Here's another variation on a theme I've explored off and on: the confluence of song and movie titles. It's no secret that Hollywood studios will steal the title of a beloved pop hit to make a movie more palatable – the famous example is Disney/Touchstone taking a dark drama called 3000 and turning it into a romantic comedy called Pretty Woman – but, unlike Pretty Woman, occasionally the song itself is nowhere to be found on the soundtrack.
- Valley Girl. Frank Zappa's only Top 40 single, 1982's "Valley Girl" featured Zappa's 14-year-old daughter Moon savagely mocking Encino airheads ("Barf me out", "Gag me with a spoon", etc.). The following year, Martha Coolidge's rom-com Valley Girl, starring Deborah Foreman and a pre-fame Nicolas Cage, made good use of Modern English's "I Melt with You" and the Plimsouls' "A Million Miles Away" but ignored the Zappa track completely. No wonder: Zappa had unsuccessfully sued to stop the film's production because he wanted to license "Valley Girl" for dolls, clothes, and greeting cards.

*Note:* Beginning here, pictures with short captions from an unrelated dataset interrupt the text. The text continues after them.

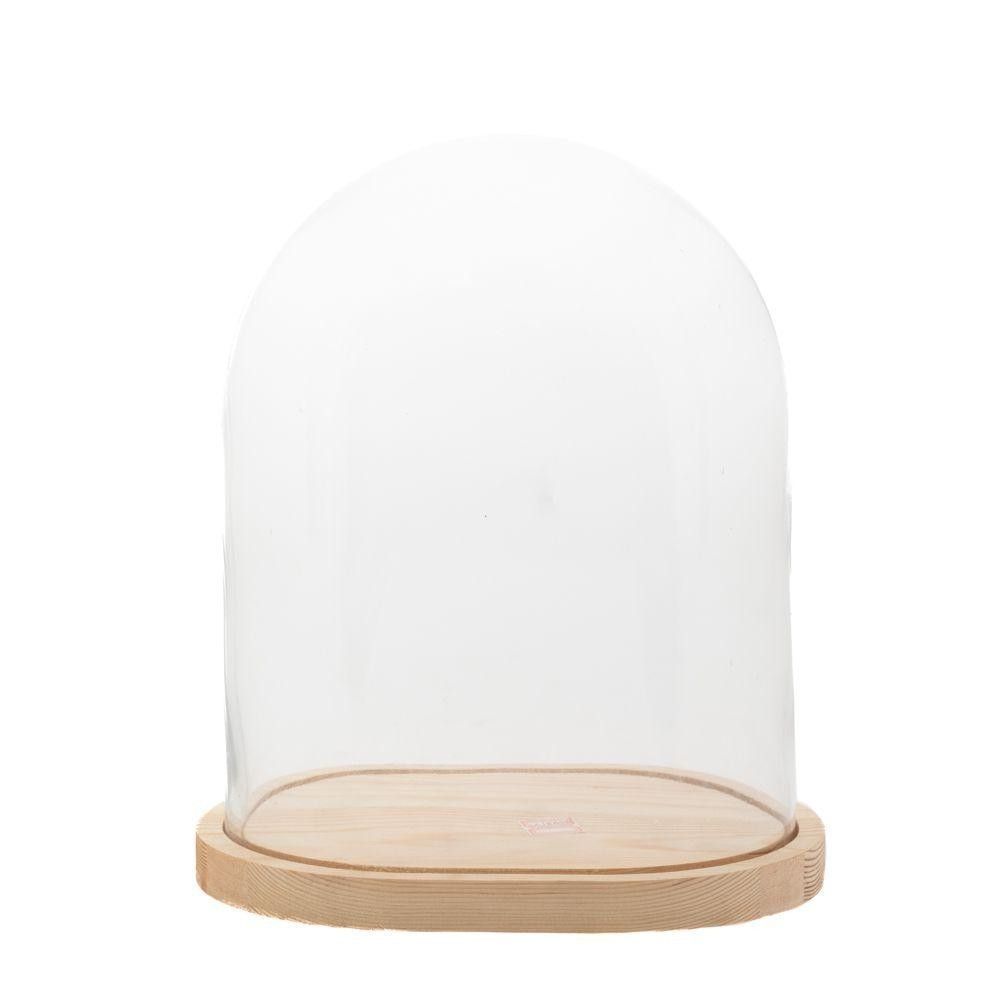 CAMPANA VETRO BASE LEGNO H.32CM.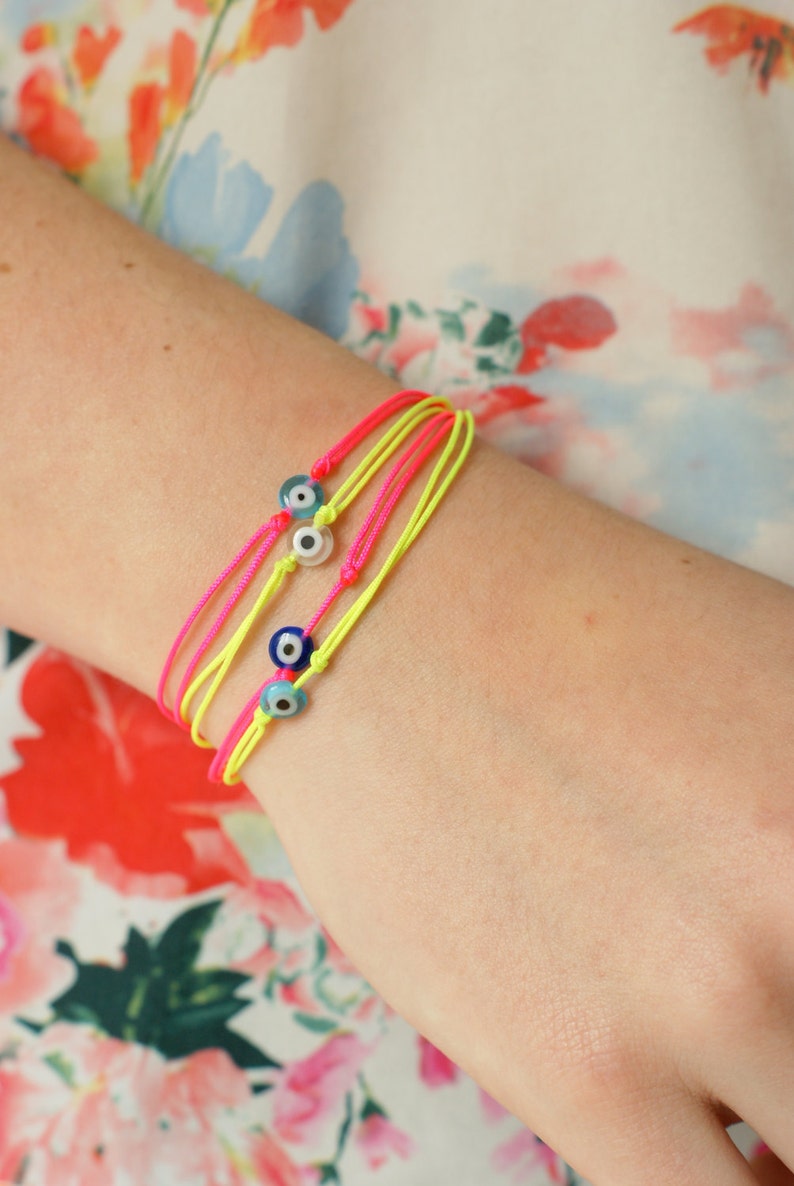 Evil Eye String Bracelet Neon Pink String Bracelet Evil Etsy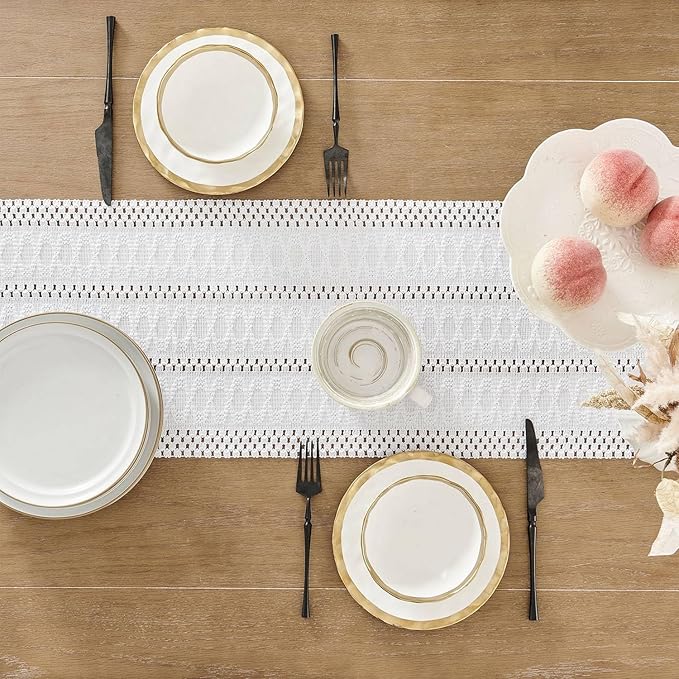 ZeeMart Macrame Style Boho Table Runner, White Table Runners 36 Inches Long, Farmhouse Woven Home Decor, 12x36 Inch, White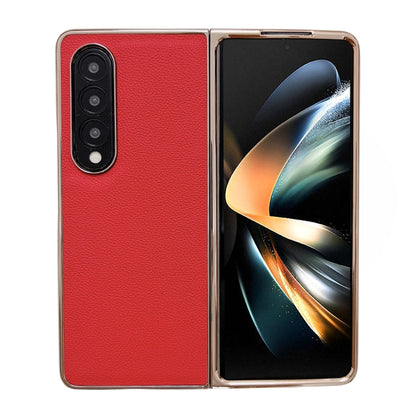 Genuine Leather Luolai Series Nano Plating Phone Case, For Samsung Galaxy Z Fold4 5G, For Samsung Galaxy Z Fold3 5G
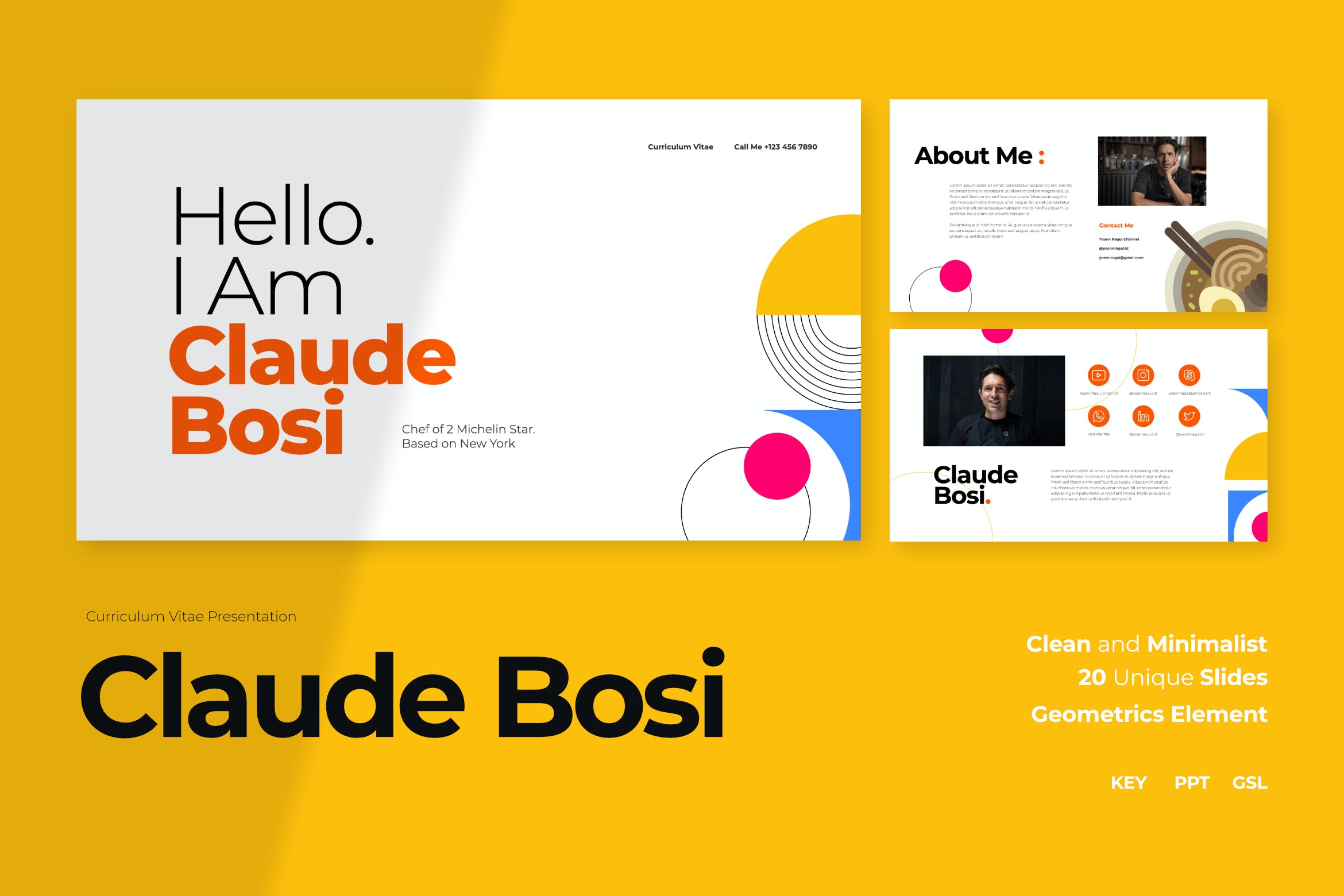 橙色设计感简约个人简历求职简历PPT模板（Keynote）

- Boogie Nights. For all the 1970s and 1980s chestnuts included in Paul Thomas Anderson's breakthrough, Heatwave's disco smash "Boogie Nights" was not among them. The reason? Wikipedia says Heatwave singer Johnnie Wilder Jr., a born-again Christian, refused to license the recording for a movie about pornography. I'm skeptical about this explanation, since Wilder didn't write the song, but only Anderson knows for sure. (Wilder died in 2006.)

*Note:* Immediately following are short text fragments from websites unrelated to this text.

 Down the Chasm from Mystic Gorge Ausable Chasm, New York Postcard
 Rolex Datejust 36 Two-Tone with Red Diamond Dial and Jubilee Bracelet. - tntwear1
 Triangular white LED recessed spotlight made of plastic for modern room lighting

- Boyz n the Hood. The track "Boyz-n-the-Hood" was rapper Eazy E's debut single in 1987. In fact it was written by his N.W.A bandmate Ice Cube. Four years later, the very same Ice Cube starred in John Singleton's urban drama Boyz n the Hood – yet despite the track's obvious influence over the film's title, "Boyz-n-the-Hood" didn't make the soundtrack.
- Dazed and Confused. Richard Linklater's paean to 1970s Austin teens took its title from a song written by Jake Holmes in 1967. You probably know "Dazed and Confused" from Led Zeppelin's blistering 1969 cover, later a source of legal friction between the band and Holmes. In any event, neither version of the song is in the film. Robert Plant also nixed Linklater's request to use Zeppelin's "Rock and Roll".
- American Pie. You will not hear Don McLean's morose, chart-topping 1971 epic anywhere in this raunchy high school comedy.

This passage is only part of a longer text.